Aparte del sangriento muñón, la mano era tan blanca que parecía un molde de
yeso. Le dio una patada y la echó a la cloaca, y para evitar la multitud, torció
por una calle lateral a la derecha. A los tres o cuatro minutos estaba fuera de la
zona afectada por la bomba y la sórdida vida del suburbio se había reanudado
como si nada hubiera ocurrido. Eran casi las veinte y los establecimientos de
bebida frecuentados por los proles (les llamaban, con una palabra antiquísima,
«tabernas») estaban llenas de clientes. De sus puertas oscilantes, que se abrían
y cerraban sin cesar, salía un olor mezclado de orines, serrín y cerveza.
En un ángulo formado por una casa de fachada saliente estaban reunidos
tres hombres. El de en medio tenía en la mano un periódico doblado que los
otros dos miraban por encima de sus hombros. Antes ya de acercarse lo
suficiente para ver la expresión de sus caras, pudo deducir Winston, por la
inmovilidad de sus cuerpos, que estaban absortos. Lo que leían era
seguramente algo de mucha importancia. Estaba a pocos pasos de ellos cuando
de pronto se deshizo el grupo y dos de los hombres empezaron a discutir
violentamente. Parecía que estaban a punto de pegarse.

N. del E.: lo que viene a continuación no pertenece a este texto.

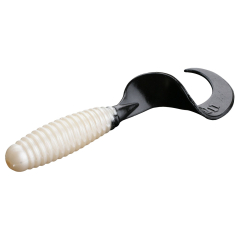 Силіконова приманка Mikado Twister 52мм 5шт (колір-102)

—¿No puedes escuchar lo que te digo? Te aseguro que ningún número
terminado en siete ha ganado en estos catorce meses.
—Te digo que sí.
—No, no ha salido ninguno terminado en siete. En casa los tengo
apuntados todos en un papel desde hace dos años. Nunca dejo de copiar el
número. Y te digo que ningún número ha terminado en siete...
—Sí; un siete ganó. Además, sé que terminaba en cuatro, cero, siete. Fue
en febrero... En la segunda semana de febrero.
—Ni en febrero ni nada. Te digo que lo tengo apuntado.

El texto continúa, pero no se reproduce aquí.